[patch V2 63/64] timekeeping: Provide fast and NMI safe access to CLOCK_MONOTONIC

From: Thomas Gleixner
Date: Wed Jul 16 2014 - 17:06:56 EST


Tracers want a correlated time between the kernel instrumentation and
user space. We really do not want to export sched_clock() to user
space, so we need to provide something sensible for this.
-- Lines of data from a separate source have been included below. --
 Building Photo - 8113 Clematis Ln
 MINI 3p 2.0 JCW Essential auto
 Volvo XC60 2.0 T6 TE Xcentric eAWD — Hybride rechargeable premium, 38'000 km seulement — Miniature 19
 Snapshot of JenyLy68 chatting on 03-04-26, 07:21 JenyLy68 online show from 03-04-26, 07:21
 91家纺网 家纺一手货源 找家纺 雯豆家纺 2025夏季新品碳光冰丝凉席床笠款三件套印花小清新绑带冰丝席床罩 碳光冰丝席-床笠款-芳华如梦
Using separate data structures with an non blocking sequence count
based update mechanism allows us to do that. The data structure
required for the readout has a sequence counter and two copies of the
timekeeping data.

On the update side:

smp_wmb();
tkf->seq++;
smp_wmb();
update(tkf->base[0], tk);
smp_wmb();
tkf->seq++;
smp_wmb();
update(tkf->base[1], tk);

On the reader side:

do {
seq = tkf->seq;
smp_rmb();
idx = seq & 0x01;
now = now(tkf->base[idx]);
smp_rmb();
} while (seq != tkf->seq)

So if a NMI hits the update of base[0] it will use base[1] which is
still consistent, but this timestamp is not guaranteed to be monotonic
across an update.

The timestamp is calculated by:

now = base_mono + clock_delta * slope

So if the update lowers the slope, readers who are forced to the
not yet updated second array are still using the old steeper slope.

tmono
^
| o n
| o n
| u
| o
|o
|12345678---> reader order

o = old slope
u = update
n = new slope

So reader 6 will observe time going backwards versus reader 5.
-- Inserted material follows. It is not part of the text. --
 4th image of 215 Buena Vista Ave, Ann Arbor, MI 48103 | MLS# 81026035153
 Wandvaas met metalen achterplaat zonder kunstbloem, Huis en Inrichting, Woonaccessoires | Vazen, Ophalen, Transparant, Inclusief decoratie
While other CPUs are likely to be able observe that, the only way
for a CPU local observation is when an NMI hits in the middle of
the update. Timestamps taken from that NMI context might be ahead
of the following timestamps. Callers need to be aware of that and
deal with it.

V2: Got rid of clock monotonic raw and reorganized the data
structures. Folded in the barrier fix from Mathieu.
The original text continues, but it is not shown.